§ **Information supplied**
== Segment start ==

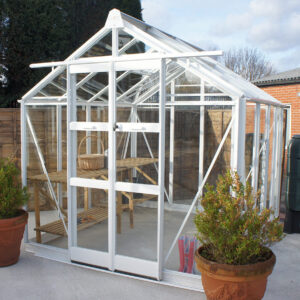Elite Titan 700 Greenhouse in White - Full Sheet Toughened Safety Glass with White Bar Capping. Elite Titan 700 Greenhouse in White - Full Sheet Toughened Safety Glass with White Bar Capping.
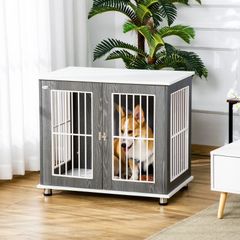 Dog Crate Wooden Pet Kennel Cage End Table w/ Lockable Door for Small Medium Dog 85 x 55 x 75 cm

== Segment end ==
== Segment start ==

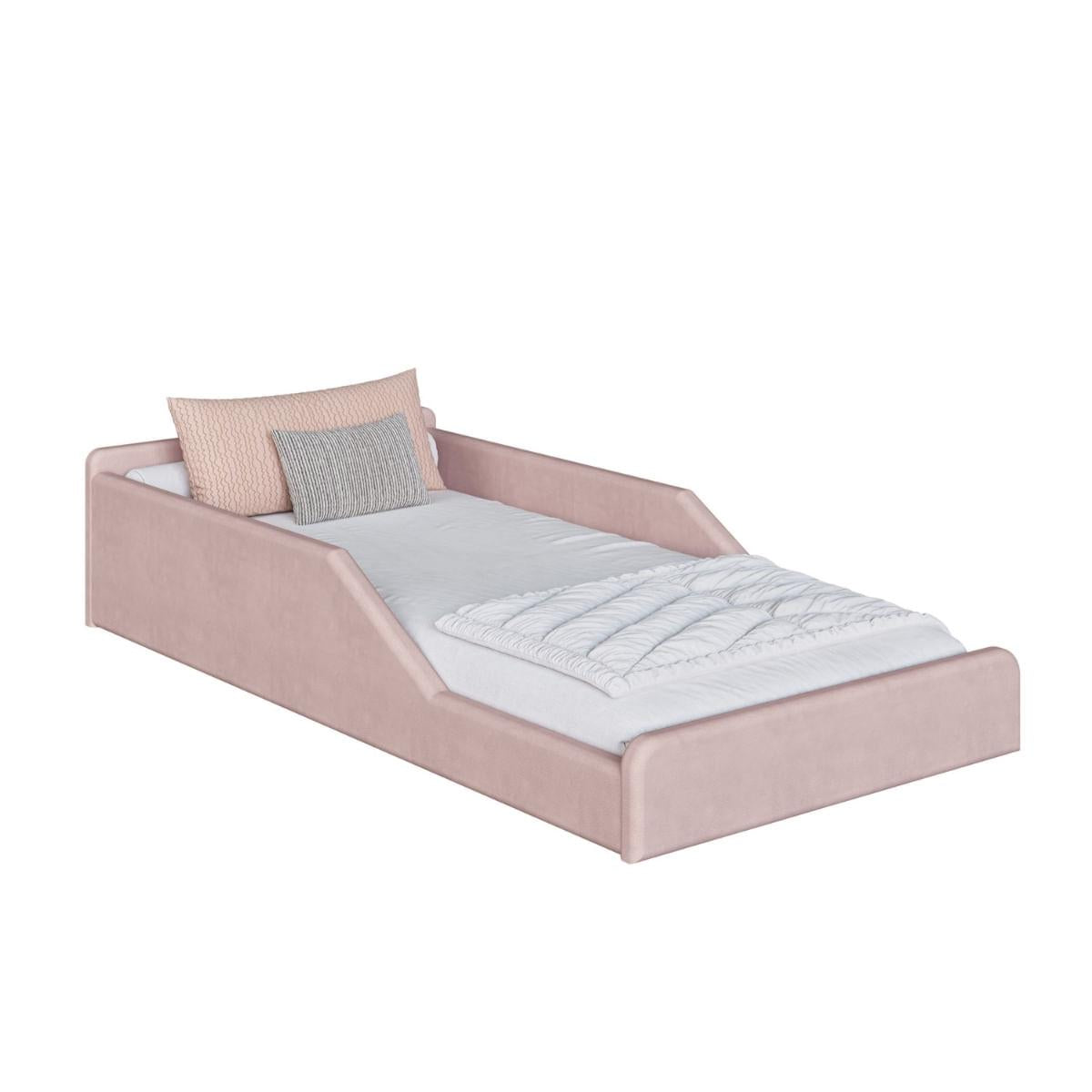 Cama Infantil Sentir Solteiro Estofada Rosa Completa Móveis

== Segment end ==

§ **Task objective**
Go back to the lines above and output, exactly as they stand, the ones from the line containing "Bar Capping. Elite" to the line containing "Dog Crate Wooden". Leave all pictures behind.

§ **Expected answer**
Elite Titan 700 Greenhouse in White - Full Sheet Toughened Safety Glass with White Bar Capping. Elite Titan 700 Greenhouse in White - Full Sheet Toughened Safety Glass with White Bar Capping.
 Dog Crate Wooden Pet Kennel Cage End Table w/ Lockable Door for Small Medium Dog 85 x 55 x 75 cm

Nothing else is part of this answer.